Source : Organes sans corps, Deleuze et conséquences par Slavoj Žižek, éditions Amsterdam.
Premièrement, la vérité est posée comme l’au-delà
inaccessible, quelque chose qui ne peut être qu’approché et qui manque toujours
au sujet.
Ensuite, l’accent passe à la notion de vérité en tant
qu’elle intervient dans les moments de glissement et de distorsion, dans les
interstices du discours ordinaire : la vérité fait irruption lorsque la
ligne continue de notre parole est interrompue et perturbée.

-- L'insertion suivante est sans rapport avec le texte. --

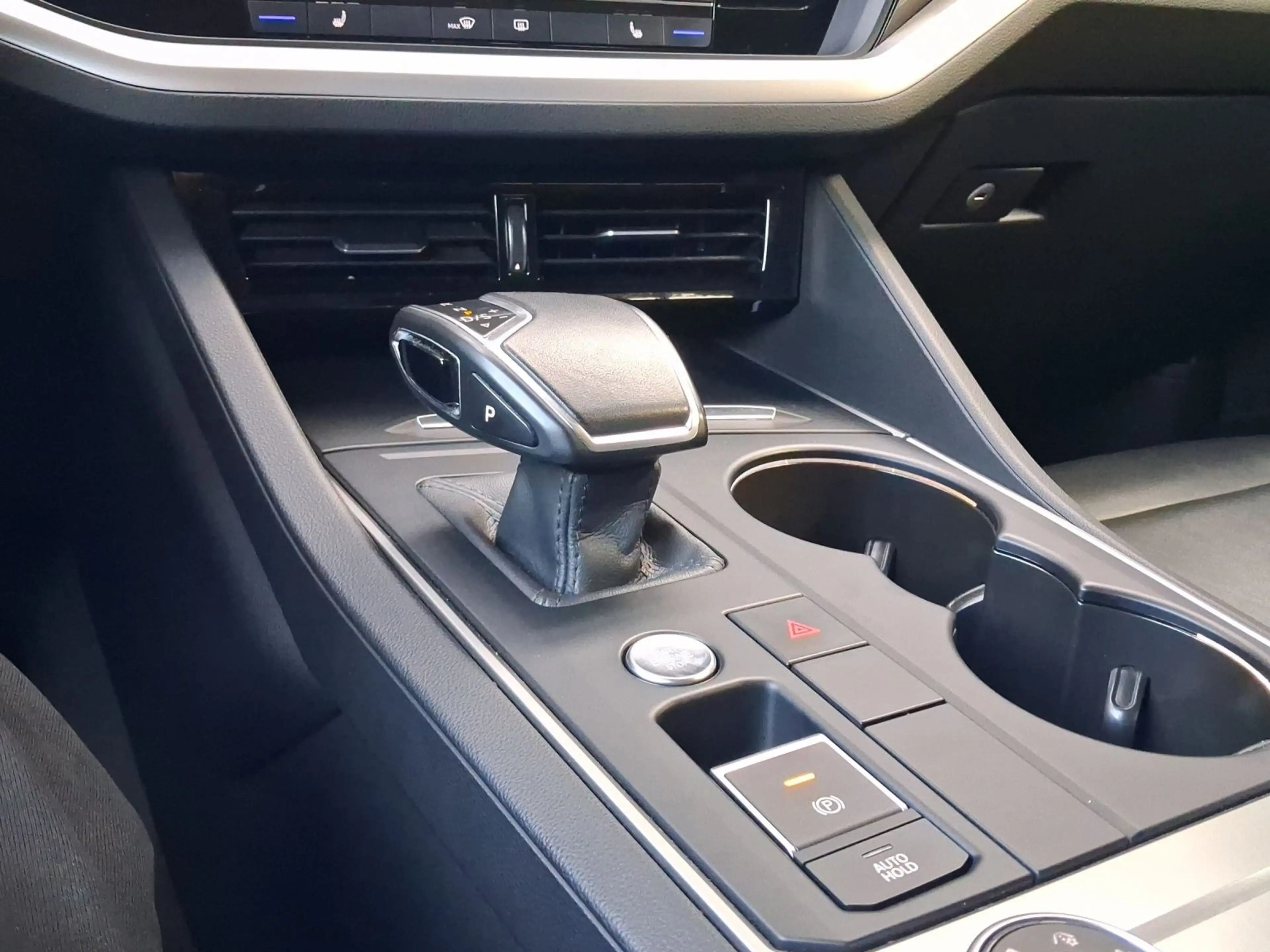 Volkswagen Touareg 3.0 TDI 4M AHK LM18 KAMERA LUFT LEDER — photo 5
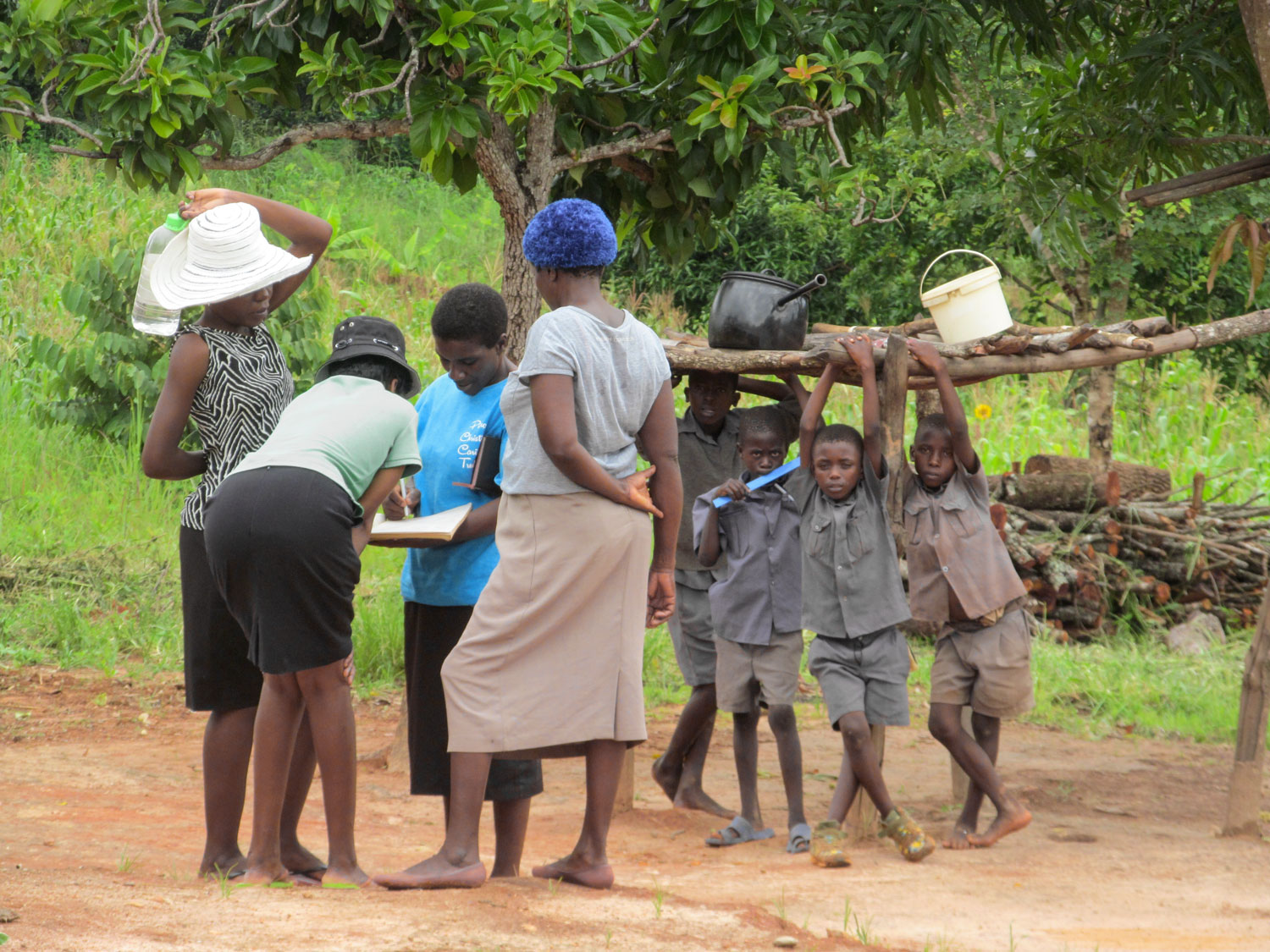 125 of the most vulnerable children in Chinaka Community receive a daily hot and nutritious meal, access to education and access to basic health care.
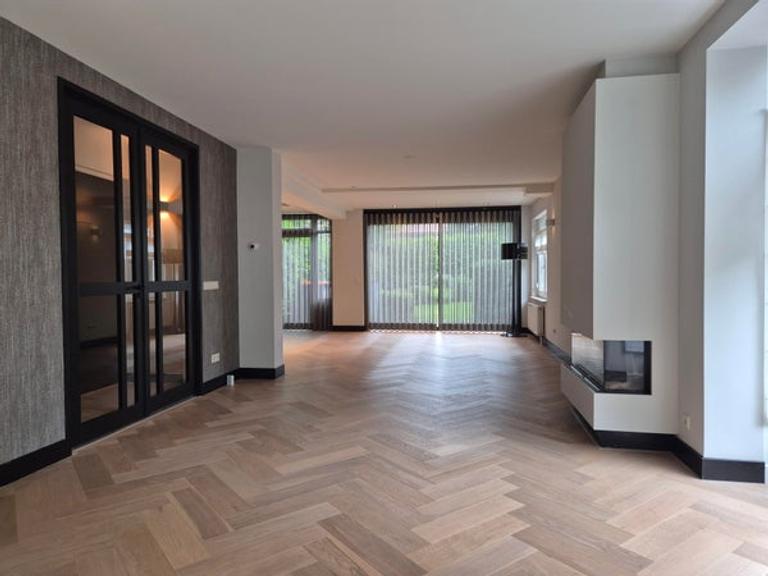 120 m² 2-onder-1-kap aan het Prins Hendrik park - Afbeelding 3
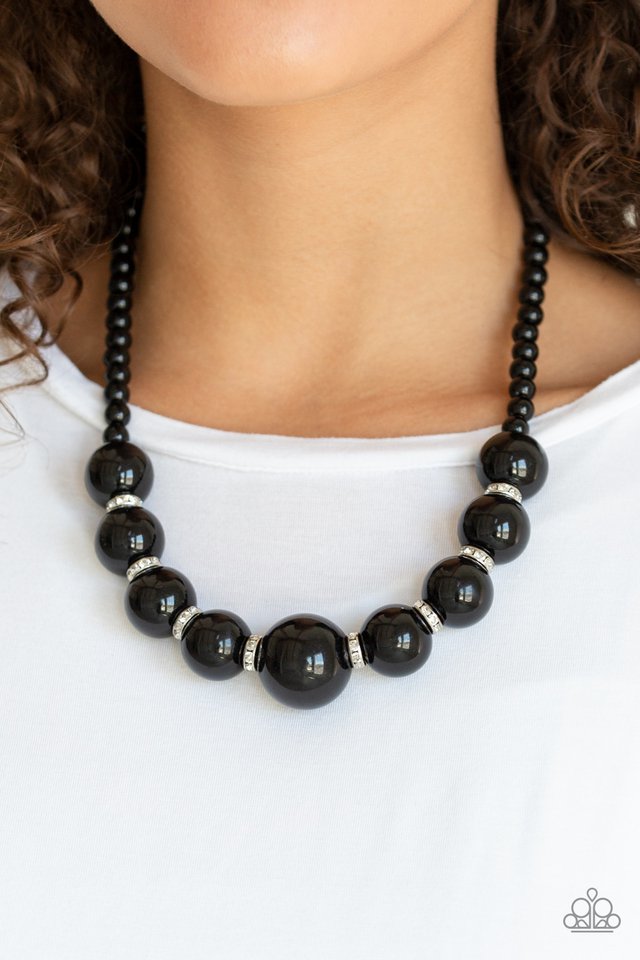 Paparazzi ~ SoHo Socialite - Black Necklace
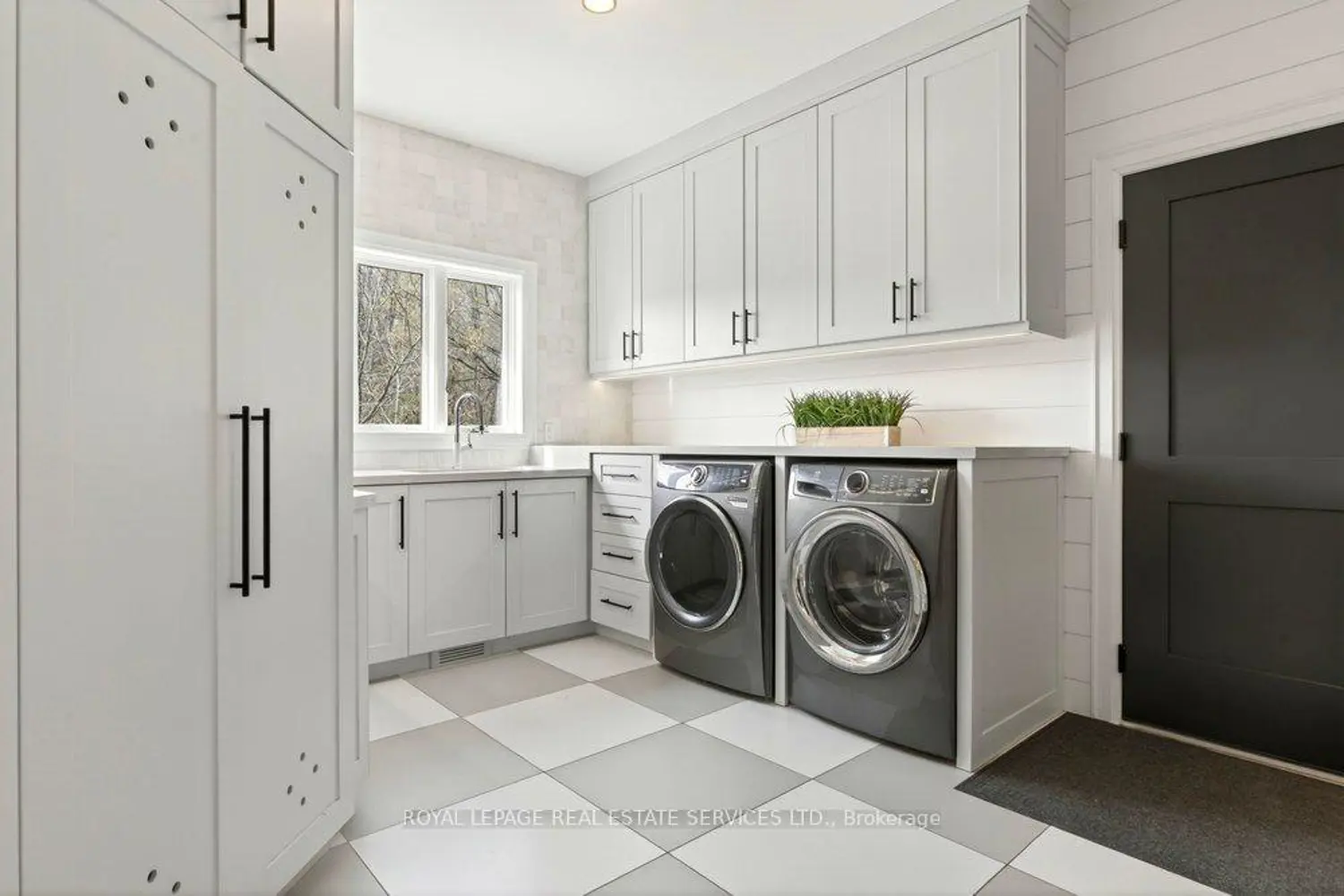 Additional image 3 of 6472 Mcniven Court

Nous arrivons enfin à une troisième position, celle du
moi, la vérité, je parle. Le passage du sujet à l’objet est ici essentiel. Ce
n’est pas que ce que dit le sujet est vrai ; c’est la vérité elle-même qui
parle, qui passe du prédicat (une qualification des affirmations du sujet) au
sujet de l’énonciation. C’est ici que la vérité se transforme en « organe
sans corps » commençant à parler.
Les deux premières versions ont en commun l’idée que la
vérité est un au-delà inaccessible : elles en sont précisément les deux
versions. Puisque sa place est au-delà, la vérité n’apparaît jamais « en
tant que telle », mais toujours et seulement sur un mode réfracté ou
distordu, où, écrivait Lacan, la vérité ne peut que se mi-dire.
C’est seulement sur le troisième mode que la vérité en
tant que telle peut parler : mais comment ? Sous forme d’une fiction,
ou, pour le dire autrement, sur le mode du discours du fou, du bouffon. Depuis
Paul, qui se qualifiait lui-même de bouffon, jusqu’à Nietzsche.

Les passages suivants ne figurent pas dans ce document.